I became involved with Hanford in the summer of 1984, when I was selected staff director for the Joint Select Committee on Science and Technology of the Washington State Legislature.  We had funding to advise the legislature on the potential selection of Hanford as the site for a national deep geologic repository, as well as for a review of the environmental impact of the US Ecology disposal site at Hanford.  In 1987, I went to the Department of Ecology’s office dealing with Hanford (later the Nuclear Waste Program).  I worked on a variety of issues and projects there, including the Hanford Dose Reconstruction Project and the creation of the Future Site Uses Working Group, the Tank Waste Task Force and the Hanford Advisory Board.  At various times, I participated in the National Governors’ Association Federal Facilities Task Force, U.S. DOE’s State and Tribal Government Working Group, and the Western Interstate Energy Board’s High Level Radioactive Waste Committee.

I retired from the State of Washington in 2004.  I moved to Oregon, and, in 2005, became a citizen member of Oregon’s Hanford Cleanup Board.  I’ve been chair of the board for the last three years.  I am also a neutral member of the Hanford Concerns Council, and of the steering committee for the Hanford Forum.  In 2008, Washington State University Press published my book, America’s Nuclear Wastelands.

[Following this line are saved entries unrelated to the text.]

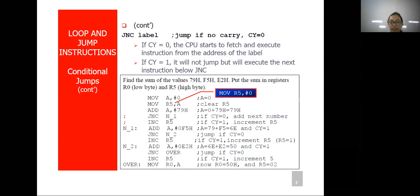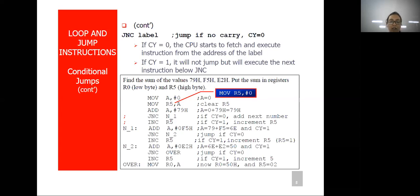Every time whenever you are executing or writing any assembly program, understand after executing each instruction what will be the output of the register content — if that is known to you, you will be easily able to write any program. When performing nested loops and conditional jumps, keep in mind: JZ, JC, JNC, JNZ — jump if carry, jump if no carry, jump if zero, jump if not zero. These instructions will be used very frequently while coding assembly language programs.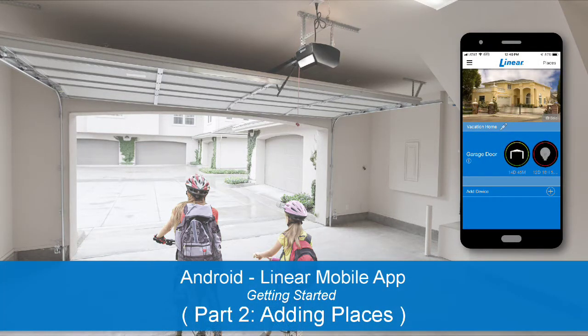It's easy to get started with the Linear Mobile app. This training is part two of a three-part series demonstrating how to set up your Linear Mobile account. In this lesson, we'll show you how to add a new place to your account.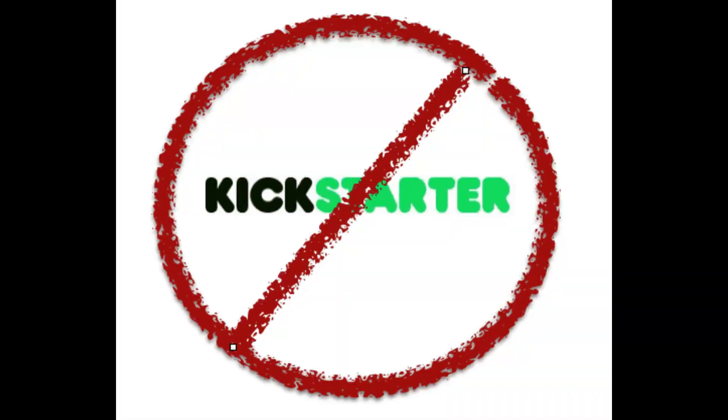In the meantime, this is your friendly reminder to stay the hell off of Kickstarter. It's just become a cesspool for scams.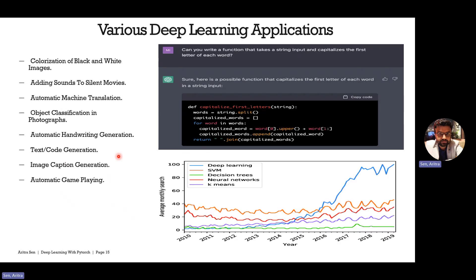Looking at Google search trends, with years on the x-axis and average monthly searches on the y-axis, deep learning interest has grown rapidly starting from 2016, while traditional algorithms like SVM, decision trees, and K-means have remained stagnant. A major reason for this growth is hardware capability — specifically the easy accessibility of GPUs through platforms like Kaggle and Google Colab. Companies like Google and OpenAI use huge numbers of GPUs to train state-of-the-art models.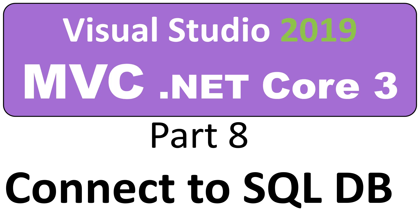Hello, on this video I'm gonna show you how to connect to a SQL database from our project.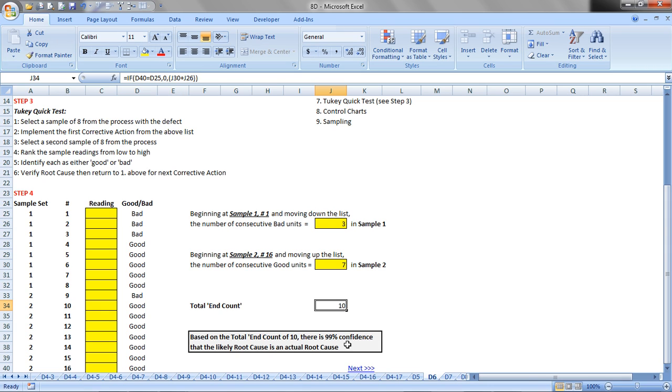Now, if that solution is not sufficient and the end count does not give us confidence, then we would repeat this process, but we would implement now the second corrective action, and we would repeat this, and if that was not sufficient, we would go to number three.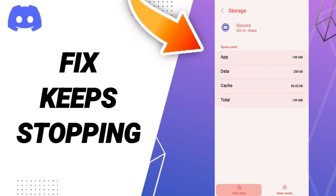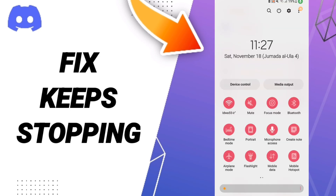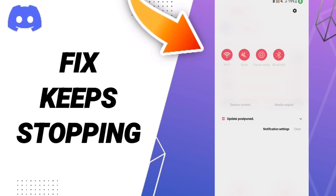Don't click Clear Data, because that can cause errors in your app. At the end, turn off your Wi-Fi and wait a moment before turning it back on again.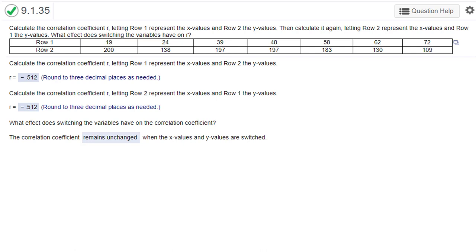Hi, this is Dr. Don. I have another problem out of chapter 9 on correlation. We're given some data on two variables, row 1 and row 2, and we're asked to calculate the correlation coefficient r, first letting row 1 be x and then letting row 2 be x to see if it impacts the correlation coefficient.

Three things about Hanford are most compelling to me:

  • The important role of a wide range of citizens and interests, including local governments, Indian tribes, regional advocacy groups, and professional nuclear-related organizations, as well as state and federal agencies, in providing energy, impetus and priorities for moving cleanup along.
  • The need to “close the circle”, to deal with the legacy of the Manhattan Project and the Cold War with the same creativity, dedication and sense of purpose that characterized those efforts.
  • The natural legacy of Hanford—the relatively unspoiled shrub steppe habitat, the wildlife, the vistas, and the Hanford Reach itself.

I am probably best informed about some of the early history of the cleanup effort(s), the political and public process aspects of cleanup, the place of Hanford in the wider U.S. DOE defense production complex, and the various types of wastes, waste sites and cleanup practices at Hanford.